They guided him in, leaving his suitcase in the car and Wren, still stiff and straight like a bowling pin in the middle of the drive. Into the lofty hall, the meeting point for numerous doors and passageways. To the right, Sadler glimpsed a comfortable, heavily curtained room where a coal fire burned, the shut door on the left he guessed would be the dining room. But on of course, away from the splendour, leaving the Colonel behind, to the furthest passageway, cold as they entered it, that led to the kitchen and the servants’ hall.
Sadler heard a chatter of voices – Vera and her kitchen maids like a scrawny chicken and her brood of two. But as Sadler and Madge entered they stopped all movement and Sadler found that he was looking at three apprehensive faces. He smiled and heard Madam say ‘This is Mr Sadler’, held out his hand to the cook who wiped hers on her apron and shook his limpiy.
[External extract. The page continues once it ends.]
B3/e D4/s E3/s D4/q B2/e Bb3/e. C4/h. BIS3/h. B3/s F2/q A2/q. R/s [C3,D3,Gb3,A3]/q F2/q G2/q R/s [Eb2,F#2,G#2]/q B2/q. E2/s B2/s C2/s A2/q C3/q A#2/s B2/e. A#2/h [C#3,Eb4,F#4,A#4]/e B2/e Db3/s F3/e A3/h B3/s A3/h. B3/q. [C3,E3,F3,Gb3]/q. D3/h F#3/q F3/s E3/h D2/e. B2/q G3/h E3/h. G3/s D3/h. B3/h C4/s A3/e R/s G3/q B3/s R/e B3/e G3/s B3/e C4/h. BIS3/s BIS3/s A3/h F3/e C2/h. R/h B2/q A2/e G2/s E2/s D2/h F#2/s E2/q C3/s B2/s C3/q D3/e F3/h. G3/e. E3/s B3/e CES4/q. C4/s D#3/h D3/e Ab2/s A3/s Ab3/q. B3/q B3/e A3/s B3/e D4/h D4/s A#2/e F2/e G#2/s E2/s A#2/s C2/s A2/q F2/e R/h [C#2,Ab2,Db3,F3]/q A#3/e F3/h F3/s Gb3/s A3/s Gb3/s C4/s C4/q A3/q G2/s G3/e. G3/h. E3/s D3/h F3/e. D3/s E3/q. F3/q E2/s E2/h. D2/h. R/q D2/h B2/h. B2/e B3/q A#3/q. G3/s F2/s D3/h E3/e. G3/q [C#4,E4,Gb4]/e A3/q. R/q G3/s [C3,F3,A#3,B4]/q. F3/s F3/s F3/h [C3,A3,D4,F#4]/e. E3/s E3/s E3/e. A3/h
The kitchen maids bobbed and Sadler felt a blush coming to his face, remembered bitterly how his mother always had her curtsey ready for Milady, used to practise it in front of her looking glass . . .
‘My cook, Mrs Prinz, who likes us to call her Vera, and this is Jane and Betty who help her in the kitchen.’
His army. This thin, tired woman with her pert helpers.
‘Pleased to meet you,’ said Vera.
‘You must be tired.’ From Madam.
‘Oh no.’
‘Come and see your room and then I expect you’d like to unpack.’
Sadler remembered his suitcase.
‘Thank you.’
He followed Mrs Bassett back down the cold passage, through a door and up a flight of stairs, green linoleum on them. Out on to a landing, carpeted with coconut matting, then past her while she stood at another door, holding it open for him, into such a nice little room, not large by any standards but wonderfully neat.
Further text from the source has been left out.